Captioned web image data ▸
========

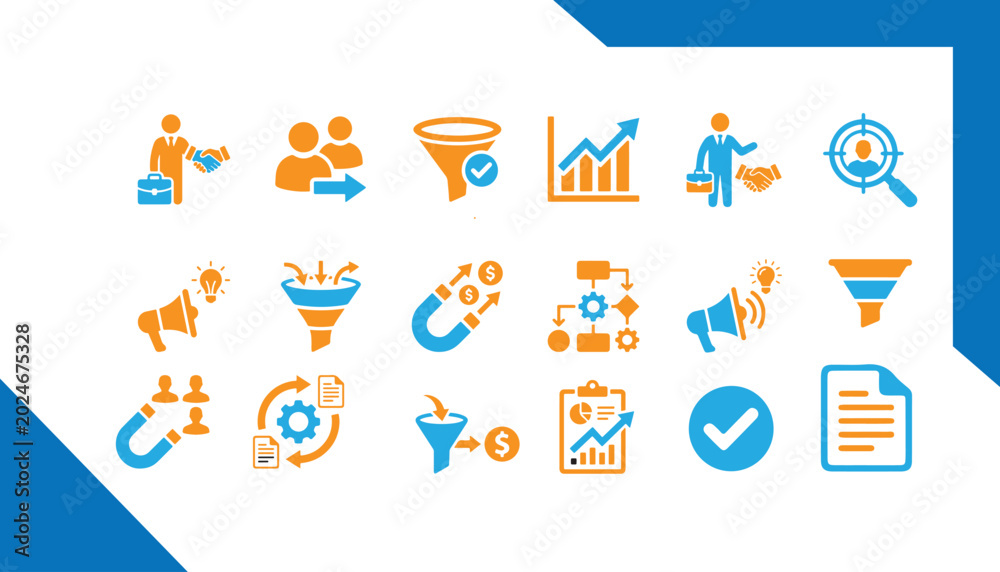 Fototapeta premium Isolated business and marketing icon set with editable design business marketing editable strategy analysis generation conversion magnifying clipboard megaphone handshake collaboration
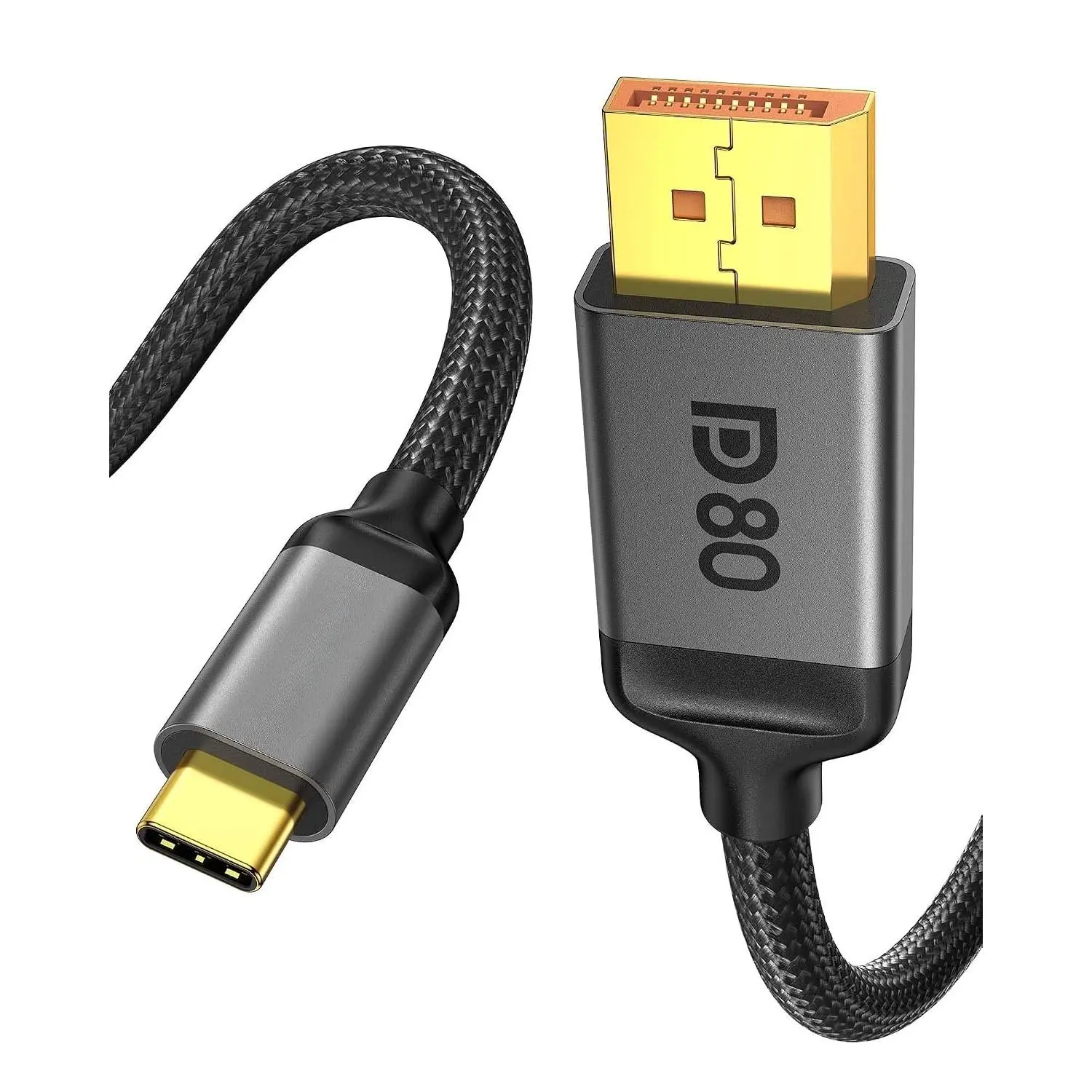 80Gbps USB C to DisplayPort 2.1  [16K@60Hz, 8K@240Hz, 4K@540Hz], Unidirectional Thunderbolt 5/4 to DisplayPort, USBC to DP for MacBook,  mini, Odyssey G8/G9,  17, 6.6FT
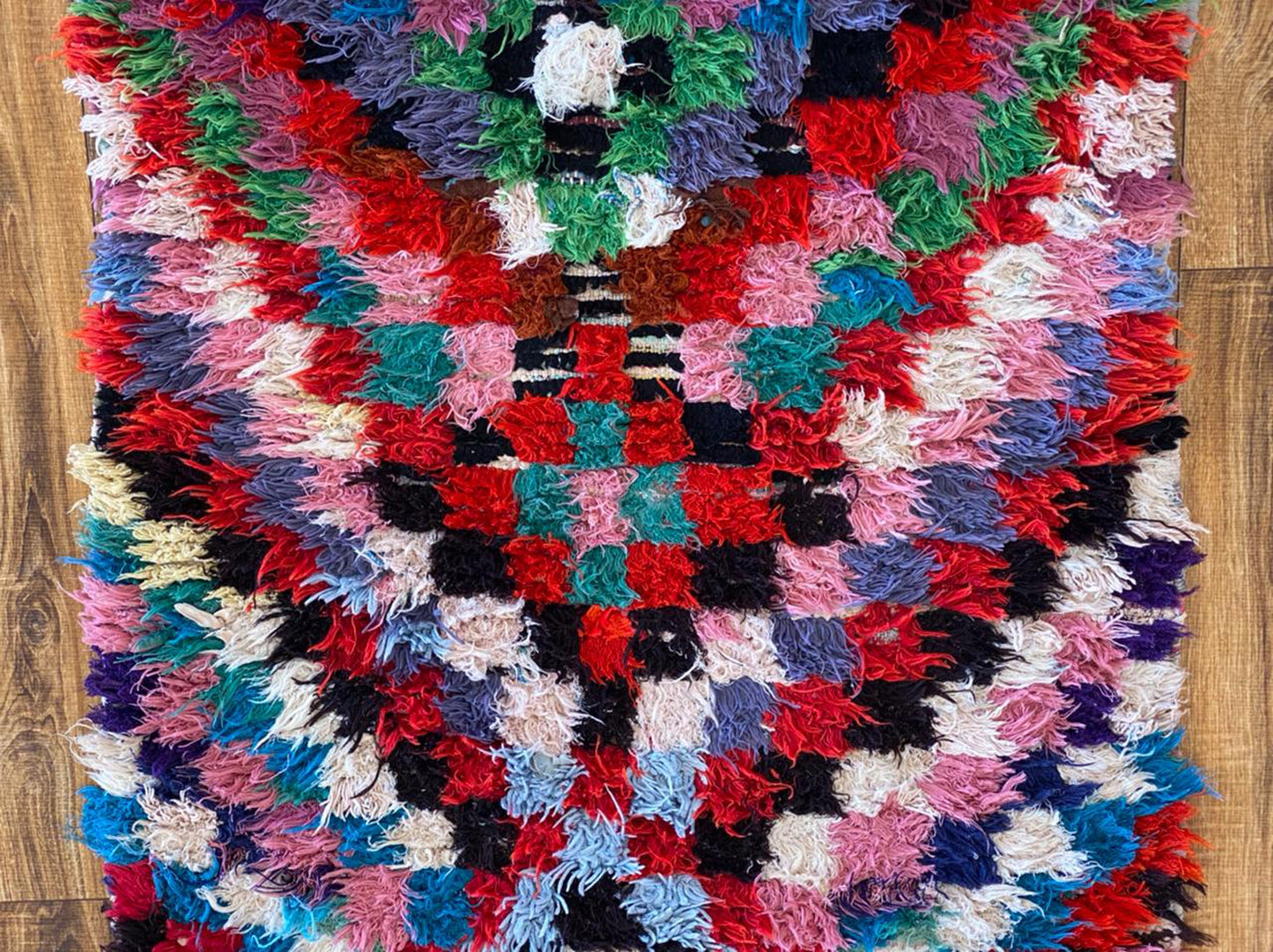 Tapis marocains colorés à carreaux 3x9, tapis de couloir berbère.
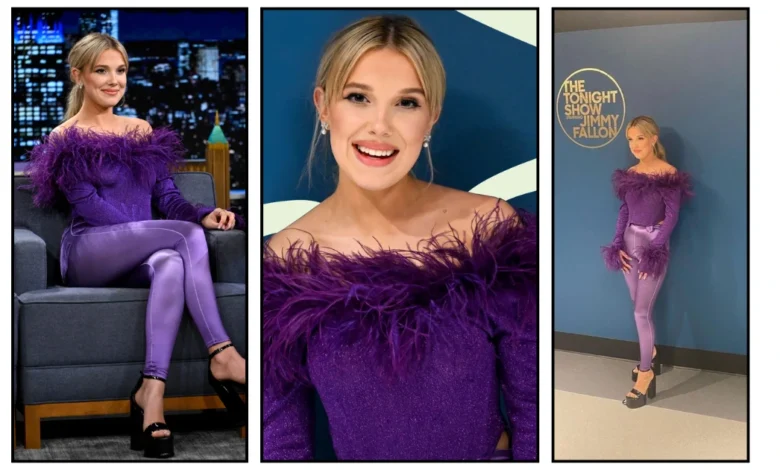 millie bobby brown purple pants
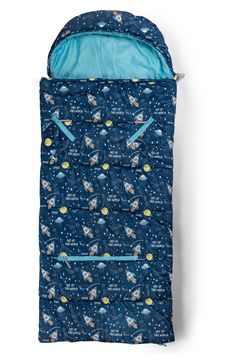 a sleeping bag with an outer space theme on the front and bottom, in blue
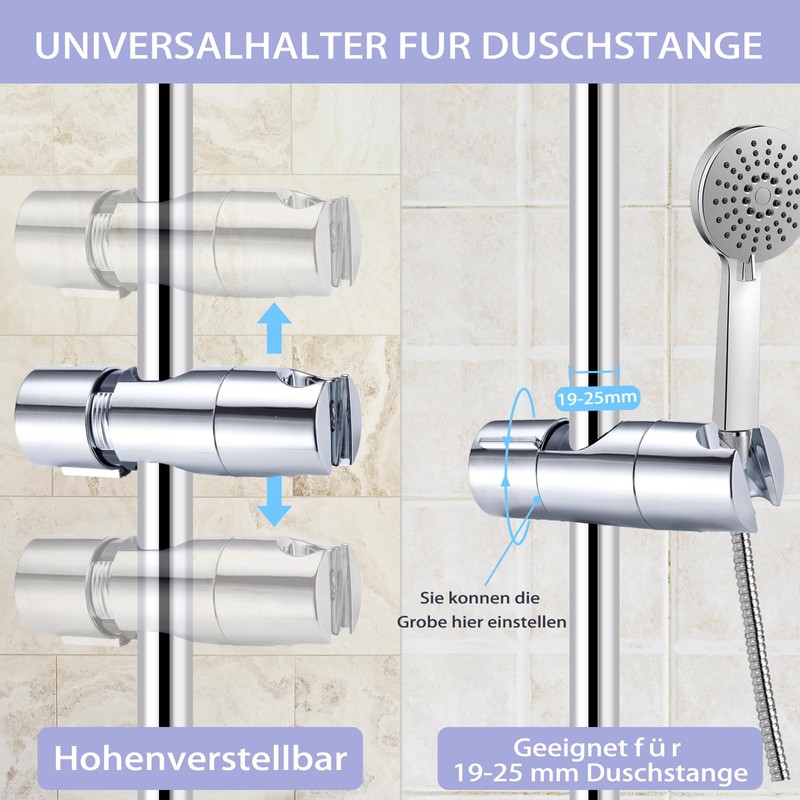 2-Pack Adjustable Shower Head Holder Replacement for Slide Bar Universal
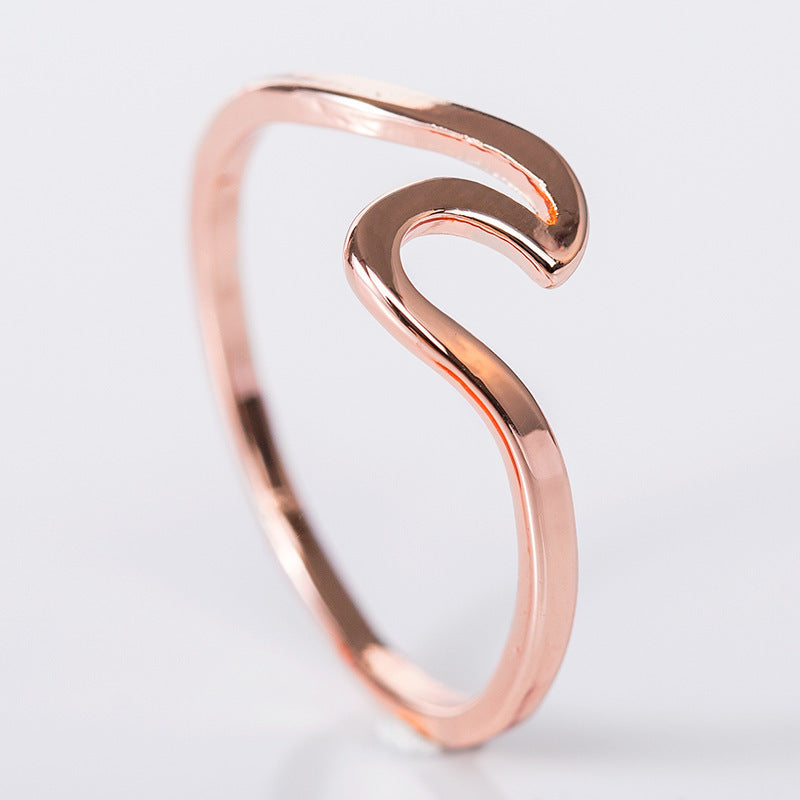 Womens Wave Ring Geometric Alloy Electroplated Finish Gold Silver Rose Gold Jewelry For Everyday Wearable Shine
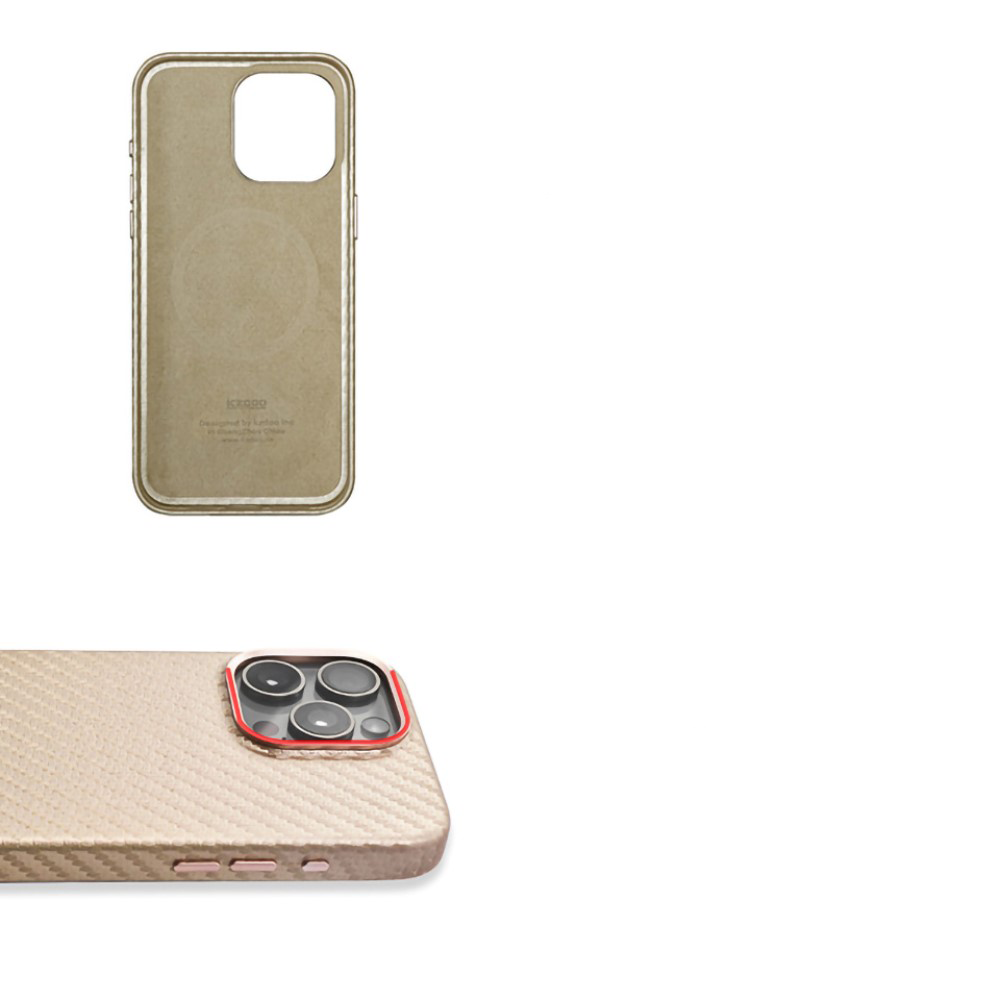 iPhone 15 Pro Max MagSafe Hardcase Hülle im Carbon Look - Gold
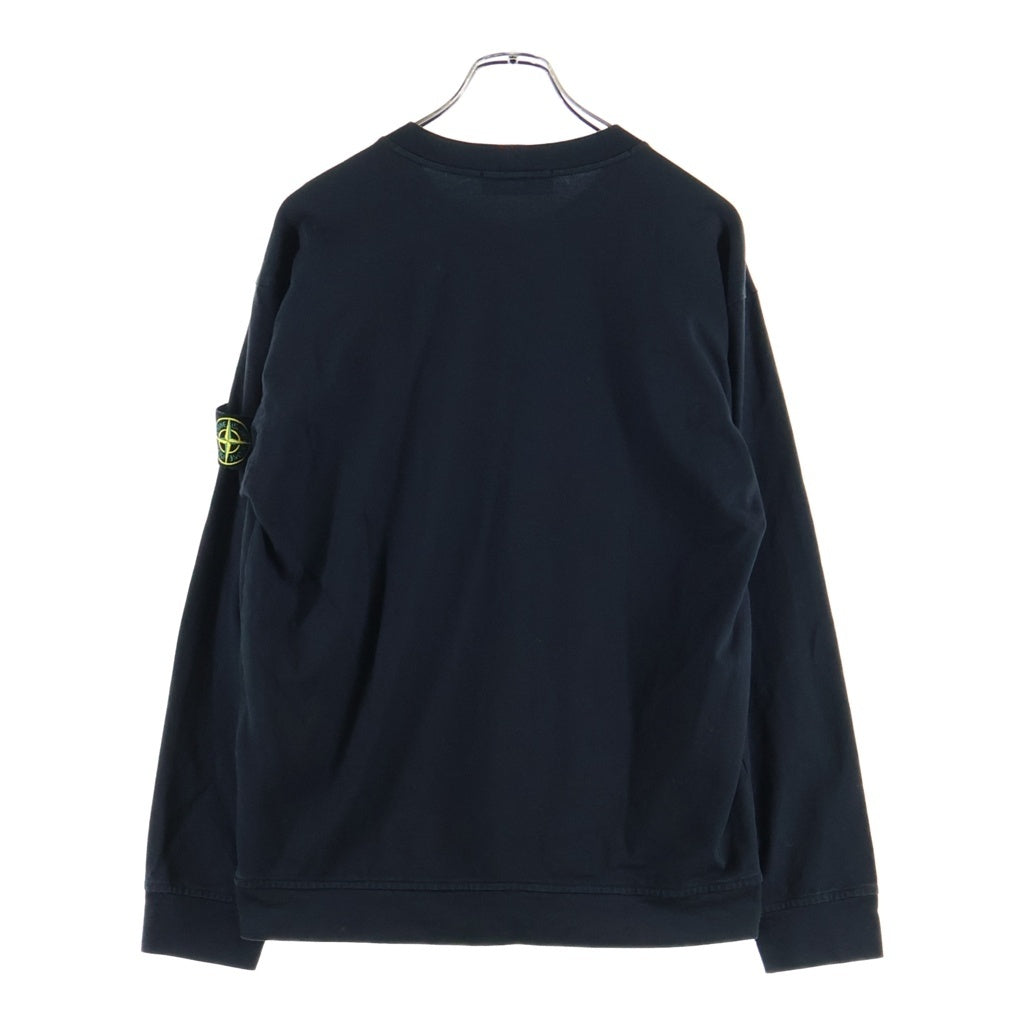 STONE ISLAND(ストーンアイランド) HEAVY COTTON JERSEY 袖ロゴパッチ付き クルーネック長袖Tシャツカットソー ブラック K1S156100043S0A50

========

Exercise requirements ▸ Please transcribe exactly the line containing "a sleeping bag" and every later line through the end of the records above, omitting pictures.

Solution for this task ▸
 a sleeping bag with an outer space theme on the front and bottom, in blue
 2-Pack Adjustable Shower Head Holder Replacement for Slide Bar Universal
 Womens Wave Ring Geometric Alloy Electroplated Finish Gold Silver Rose Gold Jewelry For Everyday Wearable Shine
 iPhone 15 Pro Max MagSafe Hardcase Hülle im Carbon Look - Gold
 STONE ISLAND(ストーンアイランド) HEAVY COTTON JERSEY 袖ロゴパッチ付き クルーネック長袖Tシャツカットソー ブラック K1S156100043S0A50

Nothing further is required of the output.